▸ The data
..........

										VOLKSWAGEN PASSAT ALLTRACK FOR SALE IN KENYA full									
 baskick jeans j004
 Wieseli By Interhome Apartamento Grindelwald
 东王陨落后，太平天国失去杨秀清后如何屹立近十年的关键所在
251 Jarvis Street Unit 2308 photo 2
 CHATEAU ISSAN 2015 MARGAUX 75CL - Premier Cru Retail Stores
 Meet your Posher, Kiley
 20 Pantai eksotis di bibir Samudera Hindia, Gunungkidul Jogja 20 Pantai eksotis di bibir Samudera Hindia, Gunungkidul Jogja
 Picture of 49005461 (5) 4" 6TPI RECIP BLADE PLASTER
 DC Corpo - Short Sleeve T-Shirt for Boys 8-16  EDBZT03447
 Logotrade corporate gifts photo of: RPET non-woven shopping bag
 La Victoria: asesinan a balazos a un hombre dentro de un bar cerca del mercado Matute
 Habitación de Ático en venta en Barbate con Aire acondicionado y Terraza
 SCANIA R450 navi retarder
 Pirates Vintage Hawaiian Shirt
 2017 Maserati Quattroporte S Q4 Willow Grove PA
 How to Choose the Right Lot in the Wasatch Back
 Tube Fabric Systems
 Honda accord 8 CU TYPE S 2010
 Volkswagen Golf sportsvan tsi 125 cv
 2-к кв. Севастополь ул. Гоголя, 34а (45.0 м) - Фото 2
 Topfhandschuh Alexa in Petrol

..........

▸ What the exercise asks
Above are the entries; return each one exactly.

▸ Result of the task
										VOLKSWAGEN PASSAT ALLTRACK FOR SALE IN KENYA full									
 baskick jeans j004
 Wieseli By Interhome Apartamento Grindelwald
 东王陨落后，太平天国失去杨秀清后如何屹立近十年的关键所在
251 Jarvis Street Unit 2308 photo 2
 CHATEAU ISSAN 2015 MARGAUX 75CL - Premier Cru Retail Stores
 Meet your Posher, Kiley
 20 Pantai eksotis di bibir Samudera Hindia, Gunungkidul Jogja 20 Pantai eksotis di bibir Samudera Hindia, Gunungkidul Jogja
 Picture of 49005461 (5) 4" 6TPI RECIP BLADE PLASTER
 DC Corpo - Short Sleeve T-Shirt for Boys 8-16  EDBZT03447
 Logotrade corporate gifts photo of: RPET non-woven shopping bag
 La Victoria: asesinan a balazos a un hombre dentro de un bar cerca del mercado Matute
 Habitación de Ático en venta en Barbate con Aire acondicionado y Terraza
 SCANIA R450 navi retarder
 Pirates Vintage Hawaiian Shirt
 2017 Maserati Quattroporte S Q4 Willow Grove PA
 How to Choose the Right Lot in the Wasatch Back
 Tube Fabric Systems
 Honda accord 8 CU TYPE S 2010
 Volkswagen Golf sportsvan tsi 125 cv
 2-к кв. Севастополь ул. Гоголя, 34а (45.0 м) - Фото 2
 Topfhandschuh Alexa in Petrol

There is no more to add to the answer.